В 1917 г. французские сторонники буржуазной демократии не сумели противопоставить доводам своих противников единую и четкую программу действий. Они ратовали за усиление парламентского контроля и утверждали, что уничтожить парламент было бы безумием. Они выступали в защиту республиканского строя и подчас преувеличивали непосредственную опасность, грозившую ему от происков правых[19]
. Летом 1917 г. была создана даже Республиканская лига, ставившая своей задачей «воспротивиться цезаристским проискам» реакции. Среди членов Лиги были депутаты парламента (в основном радикал-социалисты), а также некоторые известные писатели, в частности А. Франс и А. Барбюс. В ее программных документах содержался призыв прекратить «бесполезные избиения» (т. е. войну). Этого оказалось достаточно, чтобы правительство немедленно заняло враждебную позицию по отношению к Лиге. В значительную общественную силу Лига вырасти не смогла.Однако, защищая демократические порядки, их сторонники в стране — многие из них во всяком случае — видели, что «осуществление подлинной демократии находится в разящем противоречии с потребностями войны»{263}
. Они видели и дефекты буржуазного парламентаризма, и падение авторитета парламента в массах, какие особенно четко выявила война и какие всячески подчеркивали их политические противники.«Публика строга к парламенту. Она спрашивает себя, как это можно — не заниматься ничем, кроме политических интриг, когда на карту поставлены такие важные вопросы. Мелкие торговцы и буржуа, чьи разговоры я слышу в метро, суровы по отношению к этим господам из Бурбонского дворца», — писал Эрбийон{264}
.В сложных условиях войны, обострения социальных противоречий во Франции, углубления революции в России падение авторитета и роли парламента представлялось его французским сторонникам весьма опасным.
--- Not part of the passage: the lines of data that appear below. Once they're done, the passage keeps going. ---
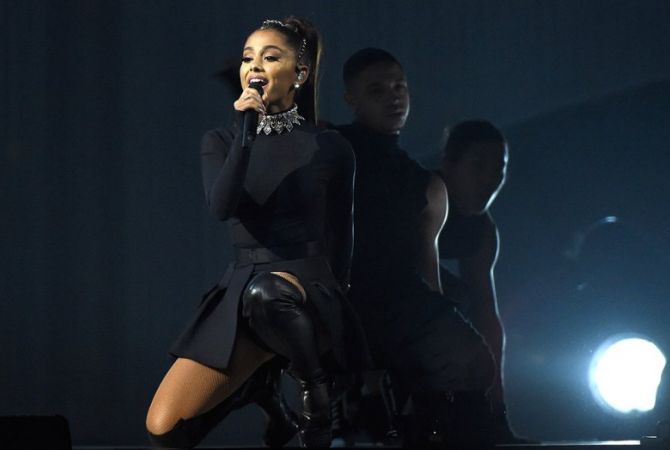 Ariana Grande cancels tour after Manchester Arena bombing 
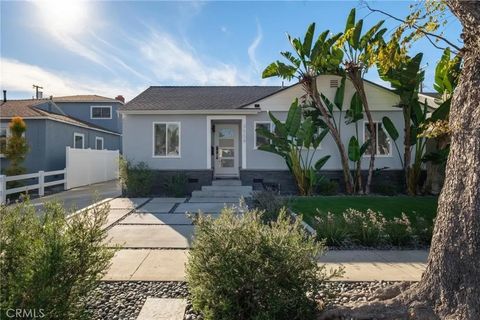 Photo of 3509 Volk Ave, Long Beach, CA 90808 (MLS # SB26044702)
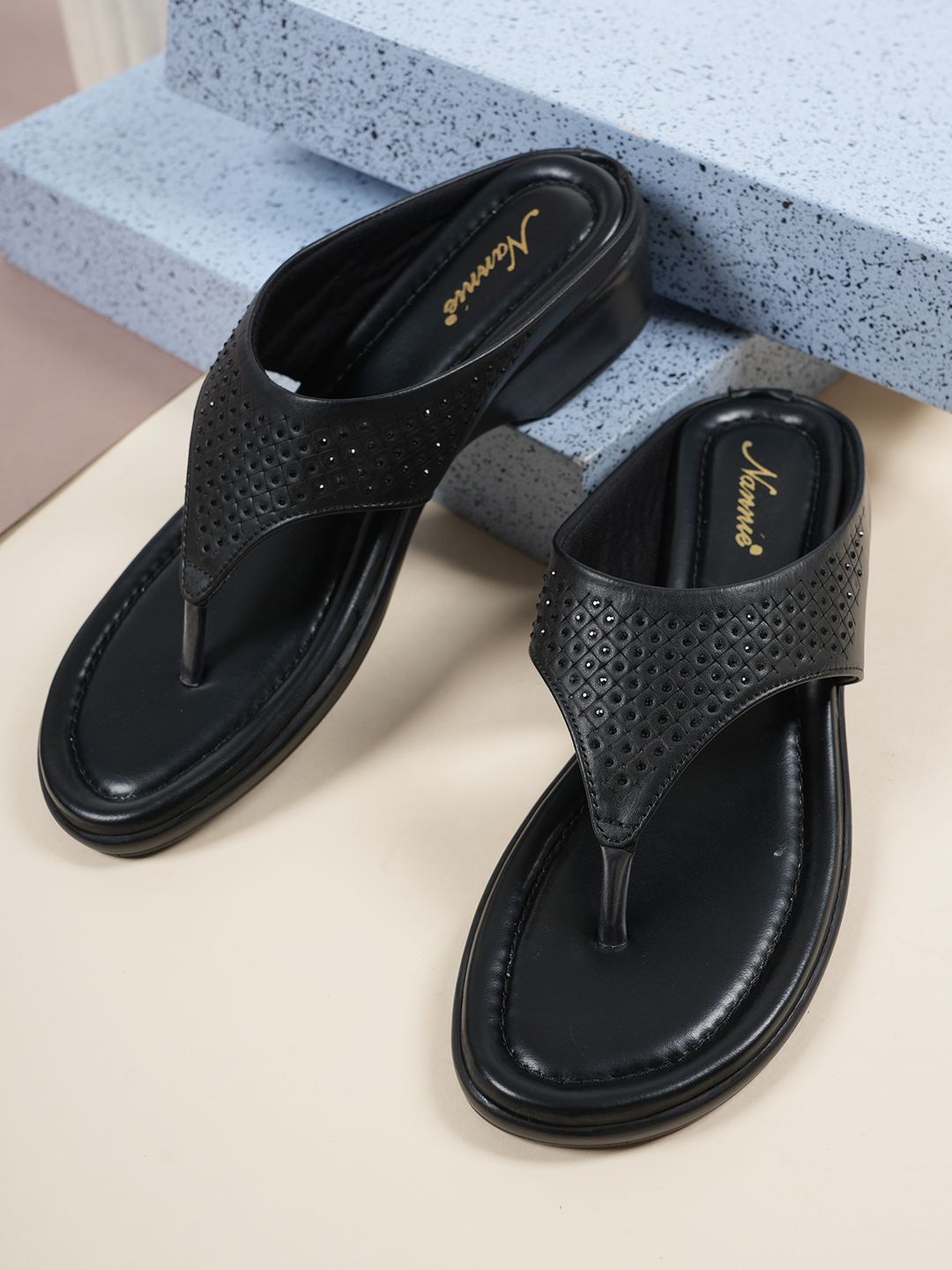 

Style Shoes Women Round Toe Textured Wedge Sandals, Black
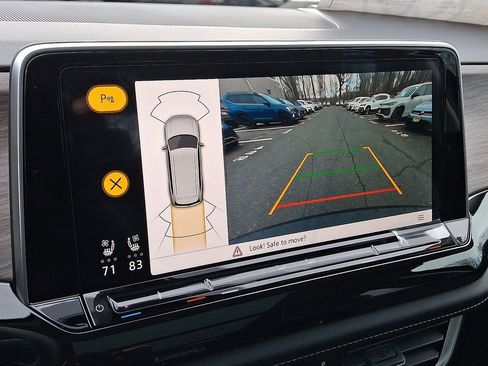 New 2026 Volkswagen Atlas SEL image 12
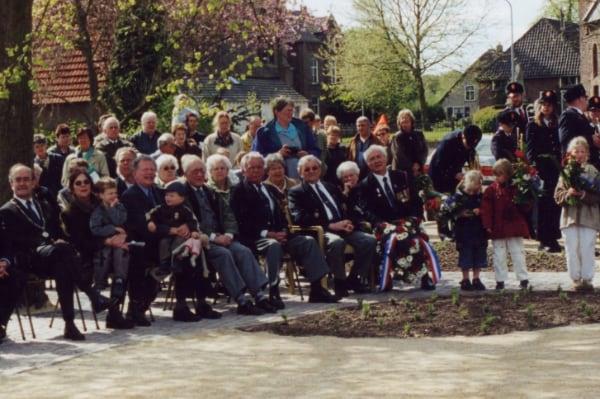50 RWE42 Lard vd Geijn bij luskemon opening 2001 kopie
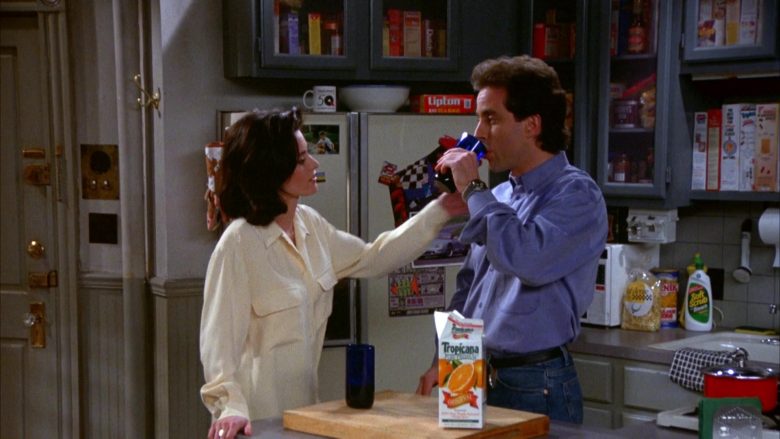 Lipton Tea and Tropicana Juice in Seinfeld Season 5 Episode 17 The Wife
Отсюда их многочисленные проекты парламентской реформы: объединить палату депутатов и сенат в единую «национальную ассамблею», упростить парламентскую процедуру и т. п. Авторы этих проектов рассчитывали таким образом сделать парламент способным «решительными мерами преодолевать кризисы, которые могут разразиться под воздействием непредвиденных обстоятельств»{265}
, т. е. в первую очередь бороться с угрозой революции.Реформа работы парламента требовала, однако, пересмотра соответствующих статей конституции. Парламентское большинство (хотя и состоявшее из сторонников парламента) опасалось, что это приведет к взрыву политических и социальных страстей. Обсуждение проектов парламентской реформы было отложено до конца войны.
Отсутствие в буржуазно-демократическом лагере единой и четкой программы действий особенно явственно сказалось в вопросе о «правительстве войны».
Французские кабинеты министров 1914–1917 гг. не были стабильны. Трудность задач, поставленных перед ними войной, усугублялась характерной для Франции времен Третьей республики неустанной борьбой множества мелких парламентских партий, групп и группок. Все это подмывало почву под очередным кабинетом министров. Только за восемь месяцев (с марта по ноябрь) 1917 г. министерские кризисы произошли во Франции 3 раза. Мальви был, кстати говоря, единственным, кто при всех сменах кабинетов сохранял пост министра внутренних дел почти всю войну (с 1913 и по осень 1917 г.). Это лишний раз показывает, что политика, которую он проводил, не была только его личной политикой.
Сторонников буржуазной демократии смущала слабость военных правительств. В их газетах словечки о том, что «у нас есть кабинет министров, но нет правительства», «нам нужно правительство, которое правит», и т. п., можно было встретить не менее часто, чем в газетах крайне правых.